You are given the following functions, click to expand and see them.

def split_data(x_vals, y_vals, frac_training=0.7):
    training_size = int(len(x_vals)*frac_training)
    training_indices = random.sample(range(len(x_vals)), training_size)
    training_x, training_y, test_x, test_y = [], [], [], []
    for i in range(len(x_vals)):
        if i in training_indices:
            training_x.append(x_vals[i])
            training_y.append(y_vals[i])
        else:
            test_x.append(x_vals[i])
            test_y.append(y_vals[i])
    return (training_x, training_y), (test_x, test_y)

def r_squared(observed, predicted):
    error = ((predicted - observed)**2).sum()
    mean_error = error / len(observed)
    return 1 - mean_error / np.var(observed)

import numpy as np
import random

def find_best_fit(x, y, min_deg, max_deg):
    """ - x and y are numpy arrays of floats
        - x elements are in ascending order
        - min_deg and max_deg are ints > 0 with min_deg <= max_deg

    The values in y are known to be generated from the values in
    x by some process that can be modeled by a polynomial function
    plus noise of some degree between min_deg and max_deg, inclusive.

    Return the degree of the polynomial that best models the  
    polynomial function without overfitting. """
    # your code here

# For example:
x = [1,2,3,4,5,6,7,8,9,10]
y = [1,4.2,7.9,15.3,27.5,38,51.2,63.1,88,98.9]
print(find_best_fit(x, y, 1, 4))    # prints 2

Implement the function that meets the specification below. You may not import libraries. You have access to a function called correlation, which returns a float representing the correlation between two lists. Run your code assuming it exists.

def highest_window_correlation(A, B, w):
    """ - A and B are lists of numbers
        - w is an int <= min(len(A), len(B))

    Returns the highest correlation between two contiguous 
    windows of length w. One window is over A and the other 
    over B. Round the highest correlation found to 3 digits.
    """
    # your code here


# For example:
A = [1, 2, 3, 4, 5, 6]
B = [3, 4, 2, 5, 7, 8]
print(highest_window_correlation(A, B, 3))  # prints 0.982

A = [1, 2, 3, 4, 5]
B = [2, 4, 6, 8, 10]
print(highest_window_correlation(A, B, 2))  # prints 1.0

Consider training a linear (polynomial) regression model of degree d < 100 on a dataset called A, consisting of 1000 points. Which of the following are True? Check all that apply.
3-1: An R^2 value of 0.8 on A means that the model accounts for approximately 80% of the variance in A.
3-2: A negative R^2 value is possible if the model is tested on A.
3-3: Increasing d will never decrease the R^2 value of evaluating the model on A.
3-4: If A is only 60% of the data in some larger dataset, then increasing d will never decrease the R^2 value of evaluating the model on the remaining 40%.
3-5: If A is only 10% of the data in some larger dataset, then increasing d might increase or might decrease the R^2 value of evaluating the model on the remaining 90%.
3-6: A danger of overfitting is that the model captures experimental error in the data.

Assume that X is a list of pseudo-random numbers, and that k is a constant.

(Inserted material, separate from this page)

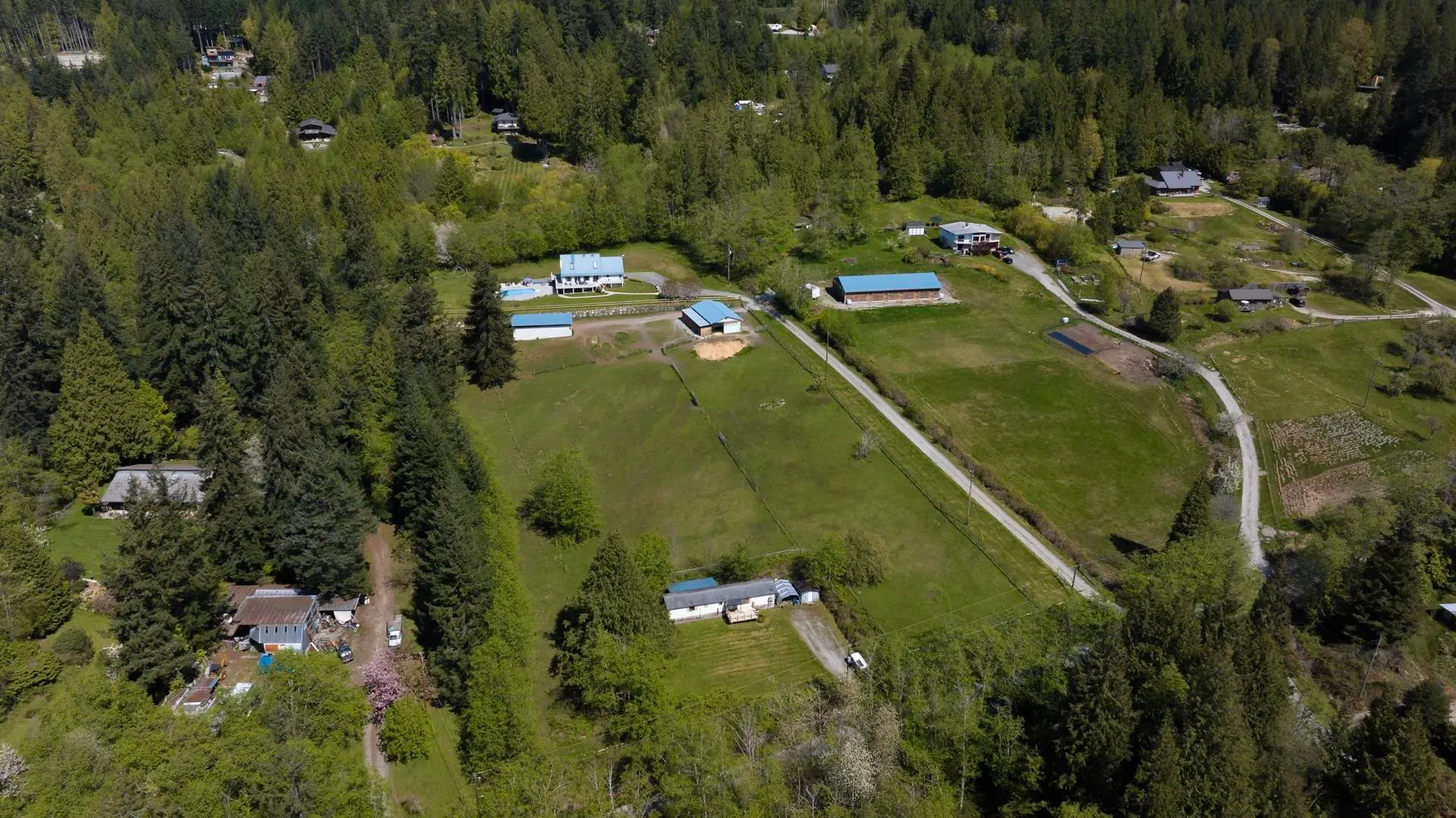 Property at 2010 Ranch Road, Roberts Creek, BC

Which of the following are true? Check all that apply.
4-1: If Y = [k**x for x in X], then numpy.polyfit(X, Y, 1) will fit a straight line to the values.
4-2: If Y = [k for x in X], then numpy.polyfit(X, Y, 2) will fit an approximately straight line to the values.
4-3: numpy.polyval returns a list of the coefficients of a linear regression model.
4-4: numpy.polyfit can be used to fit a function of more than one variable.